On Saturday sometime after 3:00, when I was at the Cafe Fiesta posting my previous post, actually, one of the 3-muscateer math majors from the hiking club called me and said if I wanted to go to Skazka (the cabin where the club often camps, and which is, incidentally, owned by one of our guides on our group trip to Buryatia), I should meet him at the fountain at 5:00. This was highly inconvenient in many ways: I had to sprint about the city and anxiously wait for irregular marshrutkas to get home, pack (in a plastic bag, as I have no backpack- I picked one up from the club in Shelekov, the town where they meet), and get back downtown; I had long looked forward to shopping for boots with Natasha and her host mother on Sunday; who the heck leaves for a camping trip at 5:00 pm?; my host mother had told me she would take me to a concert Sunday night, and I am sorry to miss any of the time members of my host family are not at work; and, I had no time to fill out a travel form for Elizabeth, which I think we’re supposed to do two days ahead of time every time we leave the city. Despite all these things, I feel like I have to spend time with this hiking club whenever I have an opportunity - it’s my only chance to hear conversational, informal Russian spoken for long periods of time. Plus I want to see more of Siberia than the no. 4 marshrutka. So I SMSed (how I now say “text message,” since I’m so hip and European) Elizabeth, who very nicely was merely disapproving rather than actually forbidding me to go, sprinted about, and met Max and one of the Alyosha’s at the fountain.

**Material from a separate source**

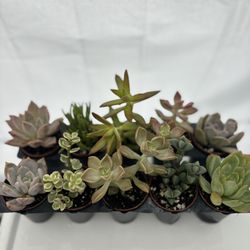 2” Mini Succulents Asst 5pcs Bundle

It was an interesting trip. We didn’t even get on the electirchka out of Shelekov until after 9:30 - first we sat in a middle school art room- or something, I actually have no idea where we were- in Shelekov for a long time and watched a conference about a trip the club had made to the Far East (I don’t know how to translate this into English, actually- it doesn’t mean China and Japan, it means the very eastern part of Russian, where hardly anyone lives) in the summer. The schoolkids who went gave presentations, which were judged, and lots of people gave out lots of certificates and flowers and things. Anyway, the hike to Skazka in the dark was sort of amazing. Only half the group had flashlights, and the trail is very rocky has a lot of fallen trees and rivers across it and sometimes just unexpectedly falls away completely; so the way was fraught with danger and adventure. It was rather exhausting- think of how mental tiring driving on unknown country roads in the dark is, and then add to that the actual physical exhaustion of hiking, plus the fact that living in Russian is fairly tiring anyway, so by midnight I am not especially functional. There was no moon, but it was a clear night and the stars were beautiful. We didn’t actually see them very often, because we were staring intently at the ground trying to see around our own shadows to any rocks and roots and trees the flashlight of the person behind us might be illuminating; every once in a while though, when we stopped, the view really was a amazing, through the tall pines. The best was on top of hills, when the stars shone not only above the trees but among the trunks, out in all directions. We stopped for a few minutes to eat piroshki on one such hill, all squatting in a circle in the road.

When we got to Skazka (we went the last couple of minutes completely without flashlights, which was challenging but fun), we found an already crowded cabin with a cheerfully burning woodstove. We drank some tea and went almost straight to bed, crammed close together, such that no one could figure out what to do with their arms, under the shelf-bunk thing characteristic of Russian cabins (or so I judge from the 3 I’ve been in). Those who had not just been hiking about in the dark sat up with a guitar and sang. I really like Russian campfire songs.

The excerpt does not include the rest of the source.